**Task to carry out:**
An exact transcription is needed of the lines below from the one with "SHIECAMASIC Literature Organizer, 32" through the one with "Комплект WeltWasser WW", with no other lines and no pictures.

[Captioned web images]

= = = = = = =

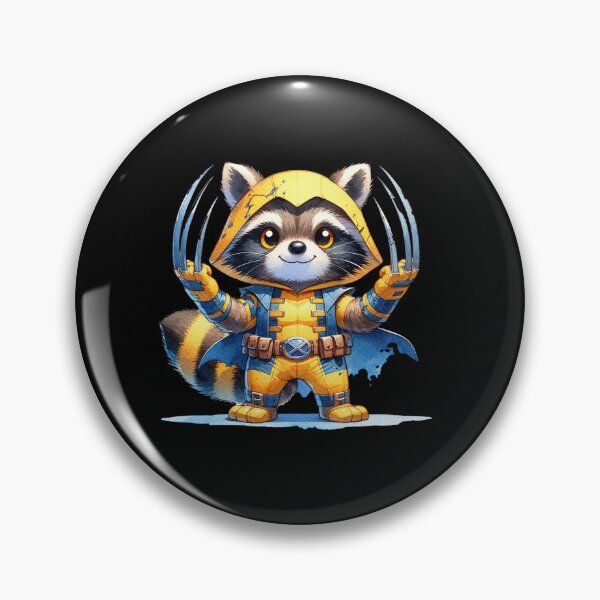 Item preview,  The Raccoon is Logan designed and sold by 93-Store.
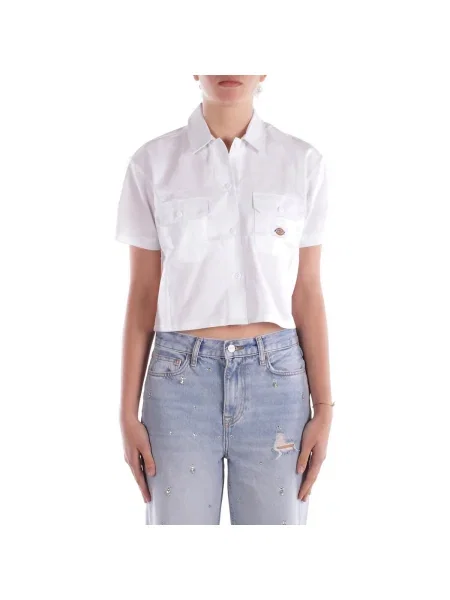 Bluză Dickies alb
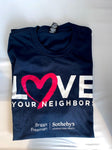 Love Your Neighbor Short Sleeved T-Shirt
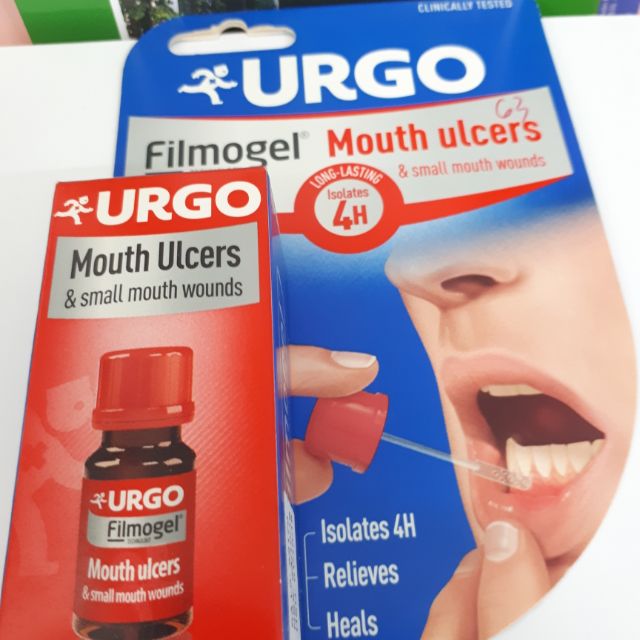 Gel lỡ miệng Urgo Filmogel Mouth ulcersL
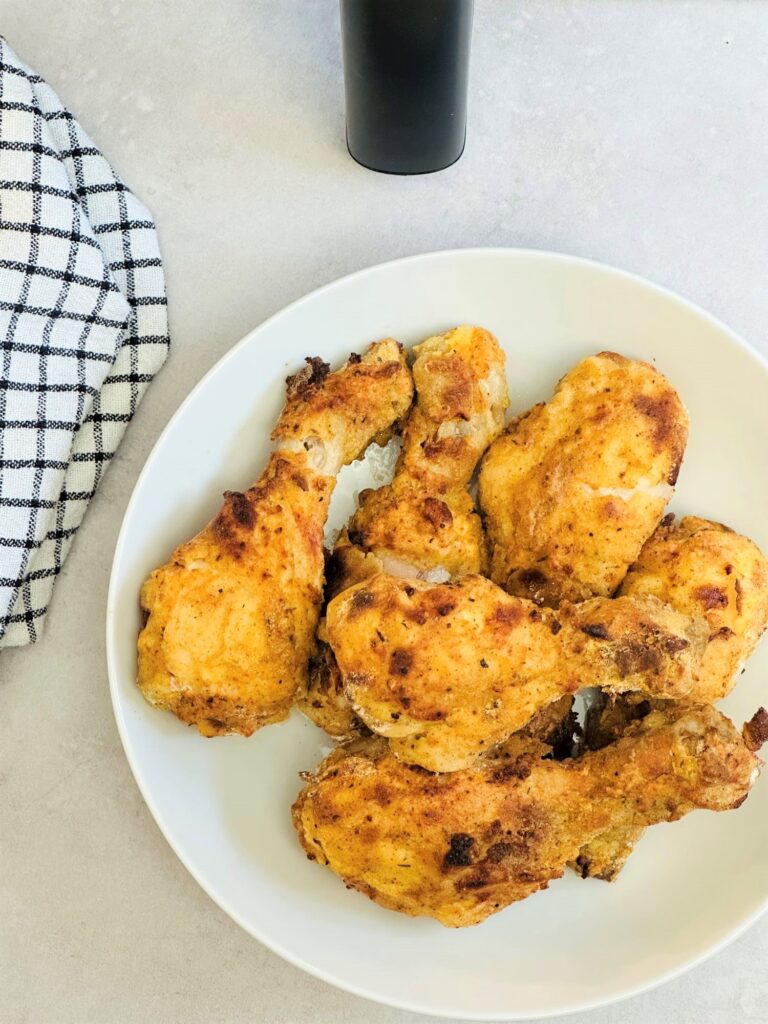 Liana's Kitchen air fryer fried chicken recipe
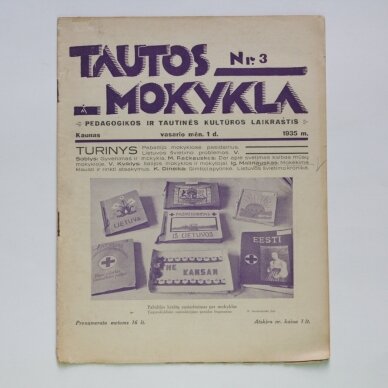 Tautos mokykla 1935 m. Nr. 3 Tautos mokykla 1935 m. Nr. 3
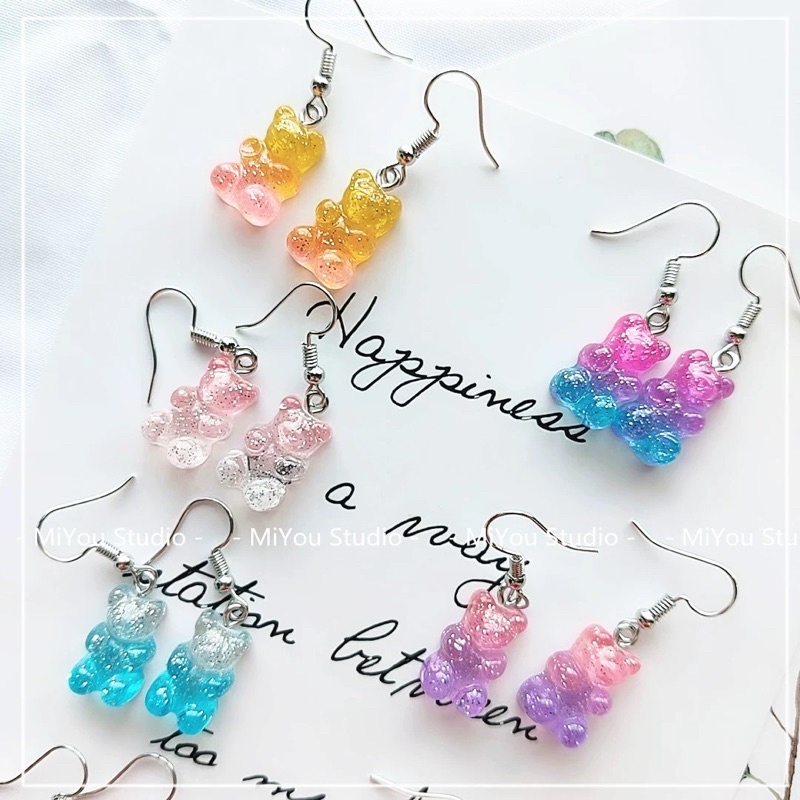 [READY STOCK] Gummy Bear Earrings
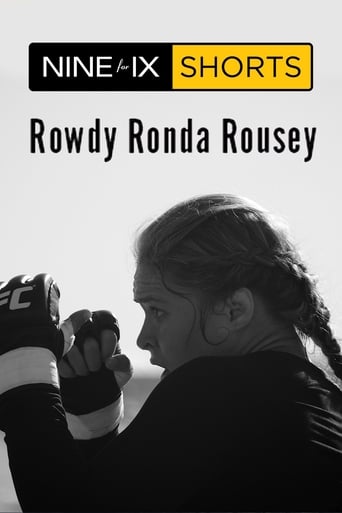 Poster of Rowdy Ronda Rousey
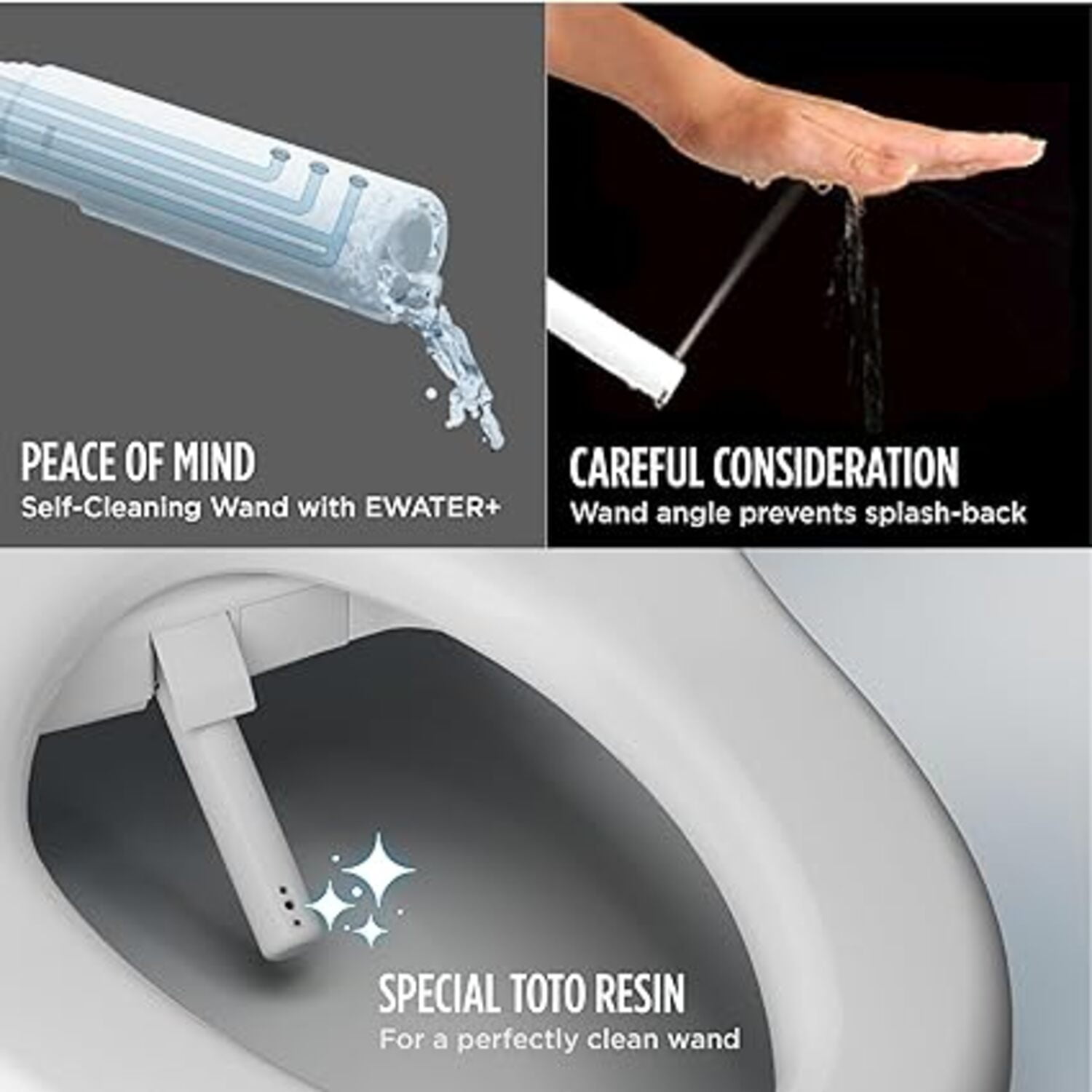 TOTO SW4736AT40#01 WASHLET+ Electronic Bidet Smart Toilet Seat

= = = = = = =

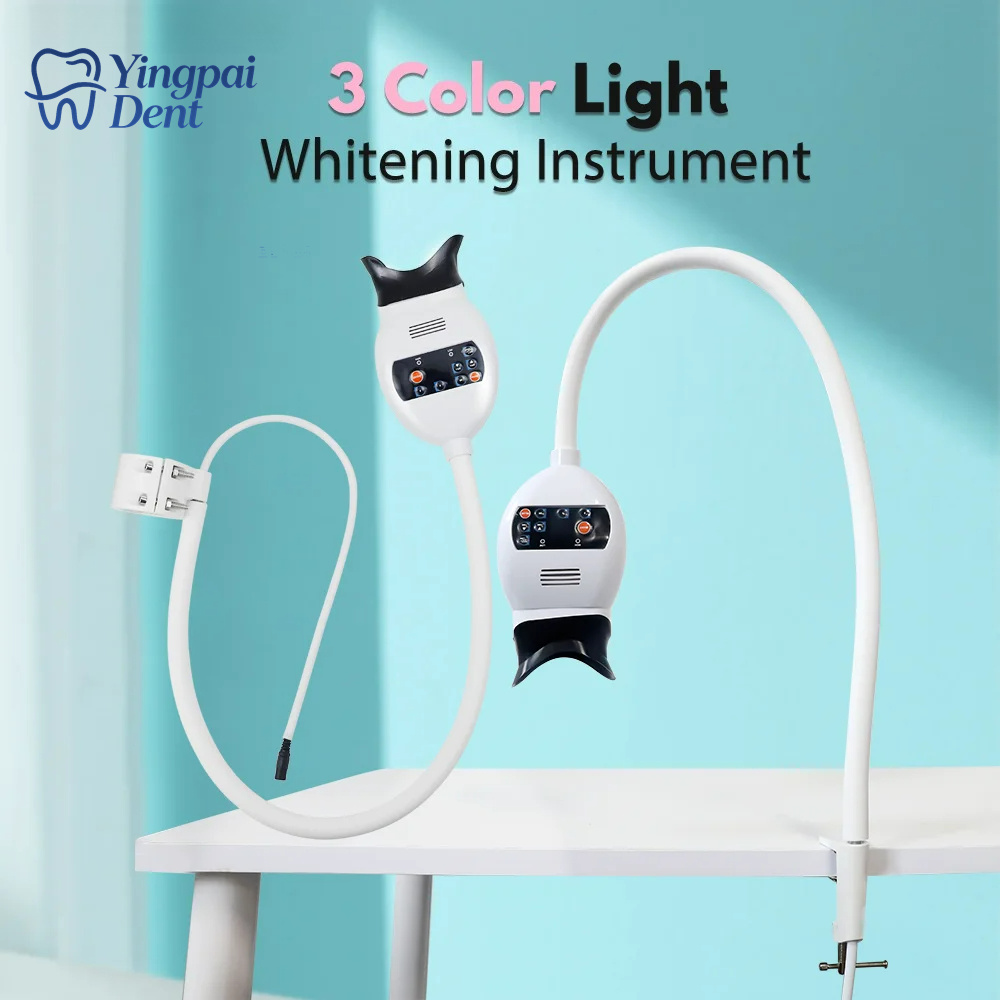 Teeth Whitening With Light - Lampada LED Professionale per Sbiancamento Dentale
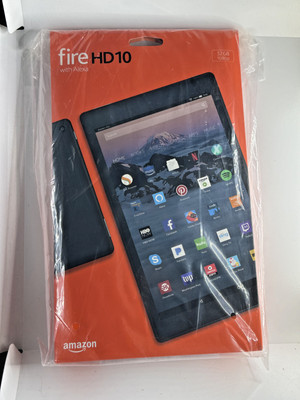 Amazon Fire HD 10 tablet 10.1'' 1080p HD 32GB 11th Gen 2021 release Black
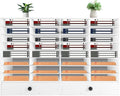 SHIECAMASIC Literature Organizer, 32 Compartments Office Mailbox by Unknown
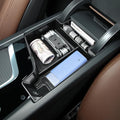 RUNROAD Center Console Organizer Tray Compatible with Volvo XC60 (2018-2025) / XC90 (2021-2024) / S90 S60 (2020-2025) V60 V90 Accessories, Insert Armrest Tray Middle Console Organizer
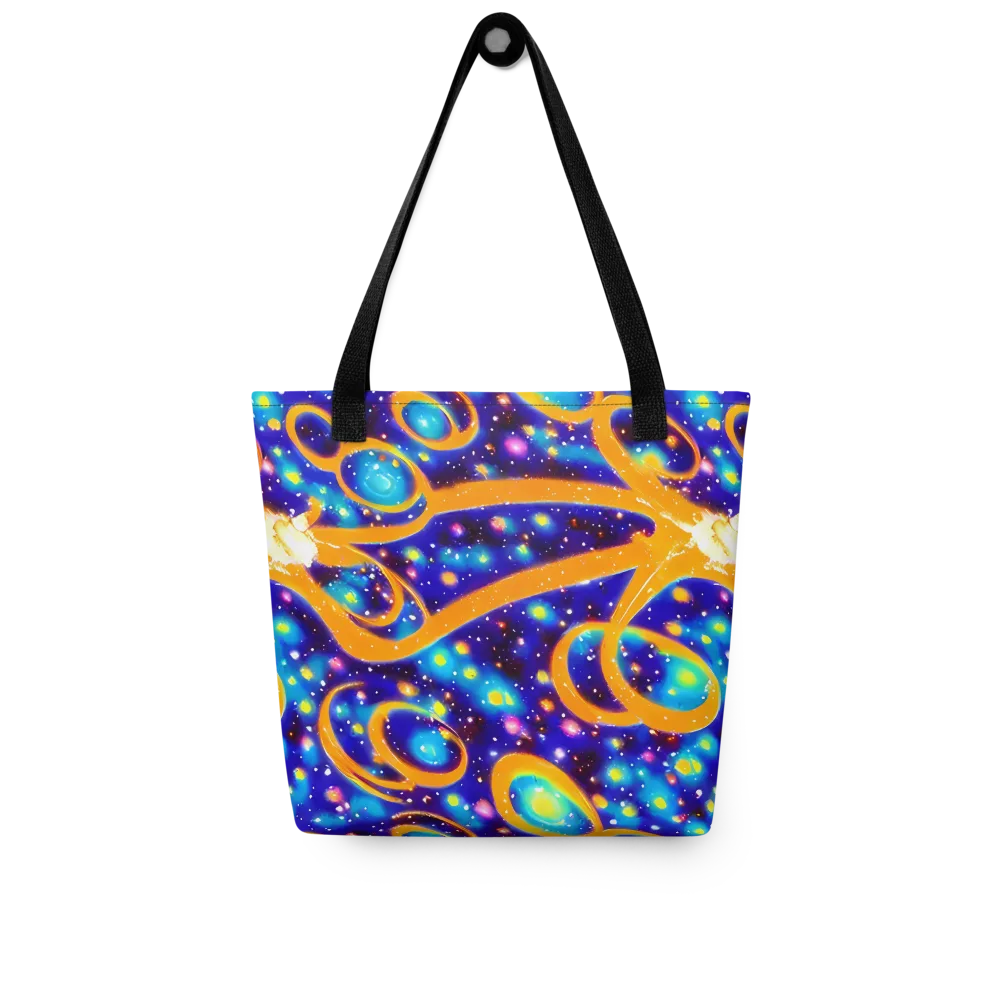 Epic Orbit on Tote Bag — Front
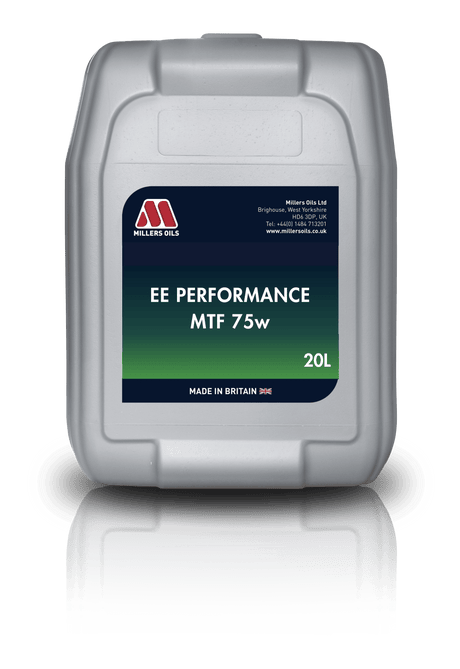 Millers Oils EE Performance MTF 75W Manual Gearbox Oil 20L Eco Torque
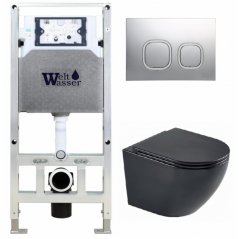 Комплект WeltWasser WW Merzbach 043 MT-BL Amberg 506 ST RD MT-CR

= = = = = = =

**Task output:**
 SHIECAMASIC Literature Organizer, 32 Compartments Office Mailbox by Unknown
 RUNROAD Center Console Organizer Tray Compatible with Volvo XC60 (2018-2025) / XC90 (2021-2024) / S90 S60 (2020-2025) V60 V90 Accessories, Insert Armrest Tray Middle Console Organizer
 Epic Orbit on Tote Bag — Front
 Millers Oils EE Performance MTF 75W Manual Gearbox Oil 20L Eco Torque
 Комплект WeltWasser WW Merzbach 043 MT-BL Amberg 506 ST RD MT-CR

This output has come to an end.